- Directed by: Lewis R. Foster
- Written by: Lewis R. Foster Nedrick Young (as a front for "Hollywood Ten" author Alvah Bessie)
- Produced by: William H. Pine William C. Thomas
- Starring: John Payne Dennis O'Keefe Arleen Whelan
- Cinematography: Loyal Griggs
- Edited by: Howard A. Smith
- Music by: Mahlon Merrick
- Color process: Technicolor
- Production company: Pine-Thomas Productions
- Distributed by: Paramount Pictures
- Release date: August 30, 1951 (New York);
- Running time: 80 minutes
- Country: United States
- Language: English
- Box office: $1,025,000 (U.S. rentals)

= Passage West (film) =

1951 film by Lewis R. Foster

Passage West is a 1951 American Western film directed by Lewis R. Foster and starring John Payne, Dennis O'Keefe and Arleen Whelan.

==Plot==
Six convicts, led by Pete Black, escape a Utah prison and intercept a California-bound wagon train and interrupt a child's funeral. Demanding that the wagons leave immediately, they anger Rose Billings, a woman in a black dress mourning her father, but wagon train leader Jacob Karns, a preacher who plans to marry Rose, thinks that it best to obey the men. Curly, one of the prisoners, makes a pass at Rose and is whipped by Pete. He fancies Rose for himself, but she whips him.

At a fork on the trail, Pete insists that the wagons risk a faster but more dangerous route. They are soon trapped in dust and rain storms. A cow dies, and without milk, a baby dies. When Rose changes her mourning clothes for a frilly outfit, Pete again shows an interest in her, and Karns fights and defeats him.

Curly steals money from the travelers and shoots Pete, who is surprised when Karns and Rose willingly tend to his wound. Karns admits that he once led a wild life as Pete now does, and he appeals to Pete to change.

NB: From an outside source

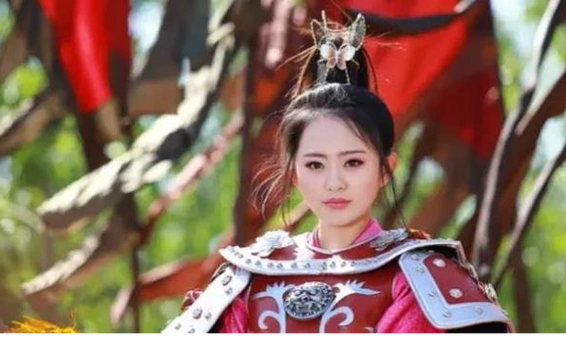 隋唐演义系列中十五个女将的结局有人凄凉落幕有人学道修仙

Reaching a town, the fugitives discover gold in a cave and their greed consumes them. Gunfire ensues, and Pete, guilty and tired, detonates a charge of dynamite to bury all of his men as well as himself.

==Cast==
- John Payne as Pete Black
- Arleen Whelan as Rose Billings
- Dennis O'Keefe as Jacob Karns
- Frank Faylen as Curly
- Mary Anderson as Myra Johnson
- Peter Hansen as Michael Karns
- Richard Rober as Mike
- Mary Beth Hughes as Nellie McBride
- Griff Barnett as Papa Emil Ludwig
- Mary Field as Miss Swingate
- Dooley Wilson as Rainbow
- Richard Travis as Ben Johnson
- Lillian Bronson as Bom Brennan
- Arthur Hunnicutt as Pop Brennan
- Ilka Grüning as Mama Ludwig (as Ilka Gruning)

== Reception ==
In a contemporary review for The New York Times, critic Oscar Godbout wrote: "The trials and tribulations of a wagon train of religious settlers after they have been taken over by a half dozen jail-breaking gunmen seems to have fired the enthusiasm of producers William Pine and William Thomas. They managed to come out pretty well on the credit side of the ledger ... 'Passage West,' while interesting, is not one for the books."